We are trying to submit a Spark job through YARN with the following command:

spark-submit --conf spark.yarn.stagingDir=/path/to/stage  --verbose --class 
com.my.class --jars /path/to/jar1,path/to/jar2 /path/to/main/jar/application.jar

The application is being populated in the YARN scheduler however it never 
appears to start the Application Master container. The trace is:

17/12/04 11:21:32 WARN Client: Neither spark.yarn.jars nor spark.yarn.archive 
is set, falling back to uploading libraries under SPARK_HOME.
17/12/04 11:27:16 ERROR SparkContext: Error initializing SparkContext.
org.apache.spark.SparkException: Yarn application has already ended!
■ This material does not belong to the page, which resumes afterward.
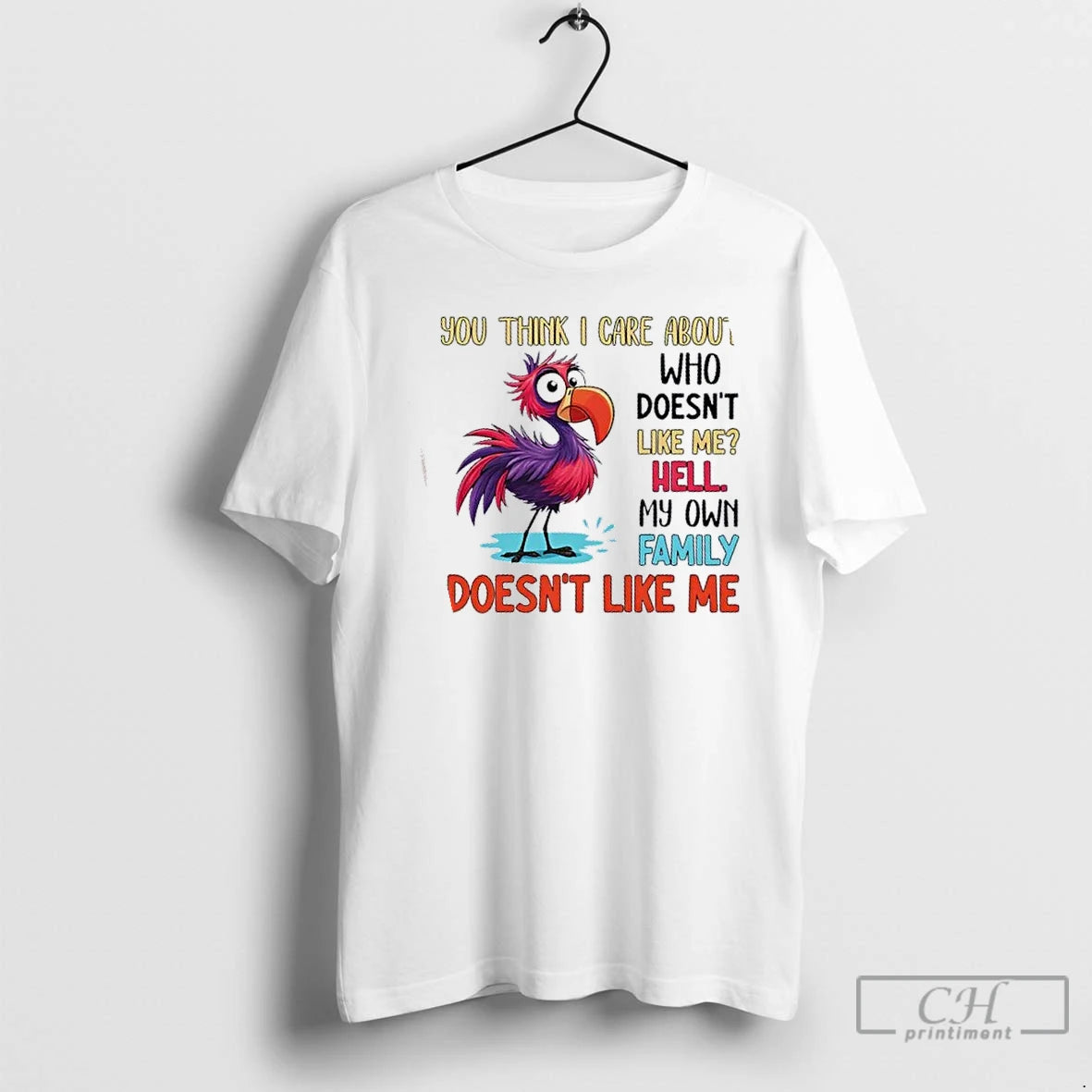 Premium Pink Crow You Think I Care About Who Doesnt Like Me Hell My Own T-Shirts, Hoodie, Sweatshirt | DripVista.com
It might 
have been killed or unable to launch application master.
    at 
org.apache.spark.scheduler.cluster.YarnClientSchedulerBackend.waitForApplication(YarnClientSchedulerBackend.scala:85)
    at 
org.apache.spark.scheduler.cluster.YarnClientSchedulerBackend.start(YarnClientSchedulerBackend.scala:62)
    at 
org.apache.spark.scheduler.TaskSchedulerImpl.start(TaskSchedulerImpl.scala:156)
    at org.apache.spark.SparkContext.<init>(SparkContext.scala:509)
    at 
org.apache.spark.api.java.JavaSparkContext.<init>(JavaSparkContext.scala:58)
    at 
org.apache.beam.runners.spark.translation.SparkContextFactory.createSparkContext(SparkContextFactory.java:98)
    at 
org.apache.beam.runners.spark.translation.SparkContextFactory.getSparkContext(SparkContextFactory.java:68)
    at org.apache.beam.runners.spark.SparkRunner.run(SparkRunner.java:197)
    at org.apache.beam.runners.spark.SparkRunner.run(SparkRunner.java:86)
    at org.apache.beam.sdk.Pipeline.run(Pipeline.java:297)
    at com.my.class.main(myclass.java:202)
    at sun.reflect.NativeMethodAccessorImpl.invoke0(Native Method)
    at 
sun.reflect.NativeMethodAccessorImpl.invoke(NativeMethodAccessorImpl.java:62)
    at 
sun.reflect.DelegatingMethodAccessorImpl.invoke(DelegatingMethodAccessorImpl.java:43)
    at java.lang.reflect.Method.invoke(Method.java:498)
    at 
org.apache.spark.deploy.SparkSubmit$.org$apache$spark$deploy$SparkSubmit$$runMain(SparkSubmit.scala:738)
    at org.apache.spark.deploy.SparkSubmit$.doRunMain$1(SparkSubmit.scala:187)
    at org.apache.spark.deploy.SparkSubmit$.submit(SparkSubmit.scala:212)
    at org.apache.spark.deploy.SparkSubmit$.main(SparkSubmit.scala:126)
    at org.apache.spark.deploy.SparkSubmit.main(SparkSubmit.scala)
17/12/04 11:27:16 WARN YarnSchedulerBackend$YarnSchedulerEndpoint: Attempted to 
request executors before the AM has registered!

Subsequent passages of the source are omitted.